Crawling the Web is nothing new. Search engines like Google, Yahoo!, and others have always done it as a way to index and build their databases of online content so that they can provide better, up to date search results for their visitors. The trouble is, building these crawlers and storing all of that information requires a lot of infrastructure.
Google currently houses the world’s largest and most complete index of the Web’s contents. The company’s entire core value is based on its ability to efficiently retrieve and store information on a massive scale and make that information available to searches and tools in an accessible, speedy manner. To accomplish this, Google has built a gigantic network of servers, databases, data storage facilities, and technicians. It spends billions of dollars a year just to maintain that infrastructure and tens of millions more adding to it.
So competing with Google is not as simple as throwing up a new website and programming another Web crawler. It’s an expensive proposition that few organizations can even consider attempting.
A nonprofit called Common Crawl, however, has been doing just that.
They’ve amassed a database of over five billion Web pages and are now opening it up to developers, free of charge, who wish to access the information for their apps, websites, and software. This, the company believes, will release engineers who have often seen Google as the only choice when developing new ideas about using the Web. The cost of amassing your own database and the near-monopoly Google has enjoyed on massive Web data thanks to that cost have meant that only researchers at Google could do that kind of data manipulation on that kind of scale.
Now, with the information freely available, students, private enterprise, public entities, and more can utilize a database that is large enough to compete with Google’s. Gilad Elbaz, founder of Common Crawl, says that “the Web represents, as far as I know, the largest accumulation of knowledge, and there’s so much you can build on top.” He stresses that with the financial and time costs of building a massive database for use out of the way and that huge mass of human knowledge now available for free, the innovations large and small will begin to explode.
The project, of course, is not meant to rival or “kill” Google. In fact, Google’s director of research, Peter Norving, is on board with the nonprofit as is the Massachusetts Institute of Technology (MIT) Lab Director Joi Ito.

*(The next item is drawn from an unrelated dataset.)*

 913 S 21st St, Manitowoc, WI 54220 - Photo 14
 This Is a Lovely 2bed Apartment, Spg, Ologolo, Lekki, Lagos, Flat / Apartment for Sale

While Google hasn’t released any official statement on Common Crawl, they are not opposing or attacking it and are at least giving it a sideways wink and nod through Norving’s participation on Common Crawl’s advisory board.
The engine has already inspired several new Web startups, including TinEye, a “reverse” search engine that analyzes images and provides similar ones to the user – http://www.tineye.com.
To use Common Crawl, developers need only set up an Amazon cloud account (costs about $25) and they have full access to the crawler’s database.
A very cool development in the world of search and in the area of enablement.